═══ EXERCISE DATA ═══

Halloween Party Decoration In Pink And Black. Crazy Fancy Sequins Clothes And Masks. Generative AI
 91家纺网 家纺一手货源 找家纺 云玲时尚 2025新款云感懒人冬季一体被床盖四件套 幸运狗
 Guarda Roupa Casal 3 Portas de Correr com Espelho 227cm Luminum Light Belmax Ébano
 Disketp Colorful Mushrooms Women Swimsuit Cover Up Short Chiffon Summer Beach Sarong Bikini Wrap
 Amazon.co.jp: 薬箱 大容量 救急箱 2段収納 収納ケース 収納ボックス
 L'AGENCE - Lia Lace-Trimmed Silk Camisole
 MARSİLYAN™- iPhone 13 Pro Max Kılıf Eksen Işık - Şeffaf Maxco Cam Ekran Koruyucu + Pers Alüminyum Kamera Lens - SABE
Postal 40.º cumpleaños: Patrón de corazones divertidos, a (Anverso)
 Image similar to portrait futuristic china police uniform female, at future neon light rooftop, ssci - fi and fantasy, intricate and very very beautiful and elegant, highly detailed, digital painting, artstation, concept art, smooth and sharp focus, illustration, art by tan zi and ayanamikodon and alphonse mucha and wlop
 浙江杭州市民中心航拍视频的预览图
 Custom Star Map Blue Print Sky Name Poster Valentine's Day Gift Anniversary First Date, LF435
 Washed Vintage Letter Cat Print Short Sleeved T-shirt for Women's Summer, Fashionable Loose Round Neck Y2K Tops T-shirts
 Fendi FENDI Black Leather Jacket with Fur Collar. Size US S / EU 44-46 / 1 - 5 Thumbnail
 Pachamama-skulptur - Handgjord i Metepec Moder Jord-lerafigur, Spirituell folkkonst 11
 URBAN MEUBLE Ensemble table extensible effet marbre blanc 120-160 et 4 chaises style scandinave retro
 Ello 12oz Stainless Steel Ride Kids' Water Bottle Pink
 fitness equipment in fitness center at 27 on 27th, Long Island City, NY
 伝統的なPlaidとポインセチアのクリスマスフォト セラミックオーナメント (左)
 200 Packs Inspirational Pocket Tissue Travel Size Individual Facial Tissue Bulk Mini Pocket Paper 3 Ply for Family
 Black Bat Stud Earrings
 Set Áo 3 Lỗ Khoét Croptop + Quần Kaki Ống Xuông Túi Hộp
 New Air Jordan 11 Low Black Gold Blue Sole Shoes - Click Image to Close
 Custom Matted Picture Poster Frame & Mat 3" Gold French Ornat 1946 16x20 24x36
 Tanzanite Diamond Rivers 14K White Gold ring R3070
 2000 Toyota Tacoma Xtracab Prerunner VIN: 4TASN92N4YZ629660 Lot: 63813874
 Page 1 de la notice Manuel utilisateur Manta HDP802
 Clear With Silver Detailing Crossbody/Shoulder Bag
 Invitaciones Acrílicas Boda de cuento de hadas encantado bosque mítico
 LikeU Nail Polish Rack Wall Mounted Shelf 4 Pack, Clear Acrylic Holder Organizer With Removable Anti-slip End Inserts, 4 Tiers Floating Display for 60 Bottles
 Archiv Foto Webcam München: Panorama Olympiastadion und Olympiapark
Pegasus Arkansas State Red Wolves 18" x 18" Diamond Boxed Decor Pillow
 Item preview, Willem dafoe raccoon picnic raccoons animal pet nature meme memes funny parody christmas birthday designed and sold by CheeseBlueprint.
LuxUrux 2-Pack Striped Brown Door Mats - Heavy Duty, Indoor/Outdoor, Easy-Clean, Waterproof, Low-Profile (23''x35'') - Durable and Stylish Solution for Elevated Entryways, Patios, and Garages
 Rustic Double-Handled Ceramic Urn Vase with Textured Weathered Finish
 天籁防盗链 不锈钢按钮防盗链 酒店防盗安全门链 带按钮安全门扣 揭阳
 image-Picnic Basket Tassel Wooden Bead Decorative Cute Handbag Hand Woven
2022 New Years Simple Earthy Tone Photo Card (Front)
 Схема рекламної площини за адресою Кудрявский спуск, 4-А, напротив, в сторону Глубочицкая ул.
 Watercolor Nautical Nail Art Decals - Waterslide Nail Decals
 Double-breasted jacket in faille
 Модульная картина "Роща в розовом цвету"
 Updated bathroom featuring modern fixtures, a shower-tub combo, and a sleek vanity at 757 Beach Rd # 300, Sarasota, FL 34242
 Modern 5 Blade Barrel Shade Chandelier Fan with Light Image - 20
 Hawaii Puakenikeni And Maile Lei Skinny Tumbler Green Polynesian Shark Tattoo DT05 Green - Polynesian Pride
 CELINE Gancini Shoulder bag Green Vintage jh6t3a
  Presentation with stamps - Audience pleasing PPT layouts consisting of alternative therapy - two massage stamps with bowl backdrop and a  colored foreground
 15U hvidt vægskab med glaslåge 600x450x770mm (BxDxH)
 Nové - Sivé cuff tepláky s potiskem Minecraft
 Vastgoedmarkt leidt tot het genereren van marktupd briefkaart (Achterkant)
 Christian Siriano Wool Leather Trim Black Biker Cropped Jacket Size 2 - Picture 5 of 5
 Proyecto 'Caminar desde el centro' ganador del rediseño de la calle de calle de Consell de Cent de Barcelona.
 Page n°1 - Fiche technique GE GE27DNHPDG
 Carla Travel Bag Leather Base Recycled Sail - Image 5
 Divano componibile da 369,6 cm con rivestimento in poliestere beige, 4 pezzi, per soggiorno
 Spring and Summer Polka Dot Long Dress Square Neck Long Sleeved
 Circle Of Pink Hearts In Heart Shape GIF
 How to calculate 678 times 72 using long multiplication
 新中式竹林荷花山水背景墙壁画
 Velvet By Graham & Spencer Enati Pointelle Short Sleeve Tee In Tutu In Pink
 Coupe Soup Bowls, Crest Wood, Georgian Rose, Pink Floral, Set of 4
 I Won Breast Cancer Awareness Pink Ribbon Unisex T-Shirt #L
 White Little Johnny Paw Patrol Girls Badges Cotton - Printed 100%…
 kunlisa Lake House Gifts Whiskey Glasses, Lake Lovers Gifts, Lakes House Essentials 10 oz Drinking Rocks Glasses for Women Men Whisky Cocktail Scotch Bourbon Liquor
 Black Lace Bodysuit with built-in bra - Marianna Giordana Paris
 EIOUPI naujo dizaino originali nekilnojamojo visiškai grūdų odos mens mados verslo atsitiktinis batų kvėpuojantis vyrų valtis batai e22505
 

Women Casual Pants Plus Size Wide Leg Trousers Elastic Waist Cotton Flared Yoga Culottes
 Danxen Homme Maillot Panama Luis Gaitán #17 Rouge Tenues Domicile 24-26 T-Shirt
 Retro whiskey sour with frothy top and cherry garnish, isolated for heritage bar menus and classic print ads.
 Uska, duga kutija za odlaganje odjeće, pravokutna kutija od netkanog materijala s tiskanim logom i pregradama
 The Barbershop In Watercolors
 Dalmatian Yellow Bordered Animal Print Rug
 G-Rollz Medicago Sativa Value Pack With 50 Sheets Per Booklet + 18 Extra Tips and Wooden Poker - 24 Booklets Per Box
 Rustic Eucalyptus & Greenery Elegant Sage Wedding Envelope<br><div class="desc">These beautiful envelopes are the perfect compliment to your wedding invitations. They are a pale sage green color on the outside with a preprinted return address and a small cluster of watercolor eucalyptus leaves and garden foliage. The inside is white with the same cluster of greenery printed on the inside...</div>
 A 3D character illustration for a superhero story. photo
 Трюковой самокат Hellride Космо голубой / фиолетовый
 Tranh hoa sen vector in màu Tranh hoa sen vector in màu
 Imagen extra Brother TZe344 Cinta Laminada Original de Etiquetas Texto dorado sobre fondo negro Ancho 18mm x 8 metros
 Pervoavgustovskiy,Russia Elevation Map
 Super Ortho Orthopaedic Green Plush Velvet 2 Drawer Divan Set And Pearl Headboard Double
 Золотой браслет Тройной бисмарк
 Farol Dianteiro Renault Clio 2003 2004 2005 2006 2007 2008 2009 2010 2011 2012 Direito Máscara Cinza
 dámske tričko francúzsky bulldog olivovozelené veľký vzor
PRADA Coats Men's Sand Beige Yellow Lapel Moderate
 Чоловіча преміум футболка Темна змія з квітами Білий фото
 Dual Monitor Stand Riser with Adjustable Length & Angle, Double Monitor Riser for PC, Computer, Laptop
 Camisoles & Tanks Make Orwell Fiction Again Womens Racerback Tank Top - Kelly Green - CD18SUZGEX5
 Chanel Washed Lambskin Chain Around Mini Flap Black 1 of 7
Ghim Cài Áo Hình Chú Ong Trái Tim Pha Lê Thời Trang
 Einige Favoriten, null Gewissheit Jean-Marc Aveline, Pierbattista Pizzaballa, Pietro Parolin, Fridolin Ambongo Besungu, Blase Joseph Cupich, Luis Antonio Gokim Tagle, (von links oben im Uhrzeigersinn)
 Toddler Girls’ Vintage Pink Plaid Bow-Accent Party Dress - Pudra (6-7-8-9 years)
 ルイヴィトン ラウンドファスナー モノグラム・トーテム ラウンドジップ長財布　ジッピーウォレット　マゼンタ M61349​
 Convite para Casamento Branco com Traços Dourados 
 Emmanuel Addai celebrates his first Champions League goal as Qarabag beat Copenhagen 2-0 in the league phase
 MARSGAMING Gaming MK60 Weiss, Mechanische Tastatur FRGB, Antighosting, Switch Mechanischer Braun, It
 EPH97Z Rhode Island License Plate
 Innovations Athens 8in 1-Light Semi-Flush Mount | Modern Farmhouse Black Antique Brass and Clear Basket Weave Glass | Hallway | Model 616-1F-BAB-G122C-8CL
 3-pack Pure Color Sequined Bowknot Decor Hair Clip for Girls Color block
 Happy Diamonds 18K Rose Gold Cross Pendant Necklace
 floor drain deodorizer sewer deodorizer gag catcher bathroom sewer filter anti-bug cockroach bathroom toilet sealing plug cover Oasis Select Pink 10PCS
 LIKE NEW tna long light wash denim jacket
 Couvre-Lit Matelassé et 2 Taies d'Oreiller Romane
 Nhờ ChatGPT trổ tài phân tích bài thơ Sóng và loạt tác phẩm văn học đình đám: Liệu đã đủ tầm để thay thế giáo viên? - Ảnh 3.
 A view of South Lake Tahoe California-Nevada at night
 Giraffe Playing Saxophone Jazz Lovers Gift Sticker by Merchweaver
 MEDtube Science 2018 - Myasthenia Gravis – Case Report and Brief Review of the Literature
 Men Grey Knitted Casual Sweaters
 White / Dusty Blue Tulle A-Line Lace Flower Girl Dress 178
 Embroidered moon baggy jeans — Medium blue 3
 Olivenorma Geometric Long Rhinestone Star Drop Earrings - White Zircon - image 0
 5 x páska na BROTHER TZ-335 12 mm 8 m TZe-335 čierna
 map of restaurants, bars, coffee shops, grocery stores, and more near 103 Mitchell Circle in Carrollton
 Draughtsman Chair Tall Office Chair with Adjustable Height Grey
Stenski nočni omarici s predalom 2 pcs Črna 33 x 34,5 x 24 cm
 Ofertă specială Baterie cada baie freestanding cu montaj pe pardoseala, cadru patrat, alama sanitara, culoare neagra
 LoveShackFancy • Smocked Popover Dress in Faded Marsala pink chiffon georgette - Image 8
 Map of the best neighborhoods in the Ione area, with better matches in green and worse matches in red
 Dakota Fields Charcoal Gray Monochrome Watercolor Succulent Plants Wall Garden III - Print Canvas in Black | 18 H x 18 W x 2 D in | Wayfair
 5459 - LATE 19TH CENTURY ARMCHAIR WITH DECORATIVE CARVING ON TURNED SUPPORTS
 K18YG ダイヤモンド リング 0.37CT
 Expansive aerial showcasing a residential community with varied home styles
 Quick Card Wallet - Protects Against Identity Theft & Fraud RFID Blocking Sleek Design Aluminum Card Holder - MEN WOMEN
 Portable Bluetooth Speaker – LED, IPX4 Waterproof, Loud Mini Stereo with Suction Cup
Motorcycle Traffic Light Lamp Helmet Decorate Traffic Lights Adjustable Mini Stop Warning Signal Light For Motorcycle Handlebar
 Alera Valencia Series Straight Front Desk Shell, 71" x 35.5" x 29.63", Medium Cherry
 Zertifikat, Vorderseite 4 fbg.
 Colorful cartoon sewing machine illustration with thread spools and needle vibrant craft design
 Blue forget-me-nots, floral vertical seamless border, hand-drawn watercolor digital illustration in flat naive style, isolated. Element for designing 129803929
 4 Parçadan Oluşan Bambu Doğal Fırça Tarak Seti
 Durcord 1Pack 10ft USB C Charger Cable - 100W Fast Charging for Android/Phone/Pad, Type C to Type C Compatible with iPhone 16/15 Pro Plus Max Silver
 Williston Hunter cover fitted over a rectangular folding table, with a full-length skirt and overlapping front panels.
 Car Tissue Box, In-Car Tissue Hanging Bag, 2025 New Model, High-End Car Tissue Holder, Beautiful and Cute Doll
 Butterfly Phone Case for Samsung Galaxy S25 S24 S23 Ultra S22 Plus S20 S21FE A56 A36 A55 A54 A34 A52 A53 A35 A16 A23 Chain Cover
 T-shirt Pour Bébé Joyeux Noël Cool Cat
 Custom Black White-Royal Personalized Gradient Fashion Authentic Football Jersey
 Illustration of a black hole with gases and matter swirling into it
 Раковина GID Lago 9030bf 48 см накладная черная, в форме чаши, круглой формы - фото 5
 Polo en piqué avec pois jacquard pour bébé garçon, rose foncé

═══

## EXERCISE AIM
The required output is the exact run of lines from the beginning of the records to the line with "L'AGENCE - Lia Lace-Trimmed Silk Camisole", that line included.

## OUTPUT
Halloween Party Decoration In Pink And Black. Crazy Fancy Sequins Clothes And Masks. Generative AI
 91家纺网 家纺一手货源 找家纺 云玲时尚 2025新款云感懒人冬季一体被床盖四件套 幸运狗
 Guarda Roupa Casal 3 Portas de Correr com Espelho 227cm Luminum Light Belmax Ébano
 Disketp Colorful Mushrooms Women Swimsuit Cover Up Short Chiffon Summer Beach Sarong Bikini Wrap
 Amazon.co.jp: 薬箱 大容量 救急箱 2段収納 収納ケース 収納ボックス
 L'AGENCE - Lia Lace-Trimmed Silk Camisole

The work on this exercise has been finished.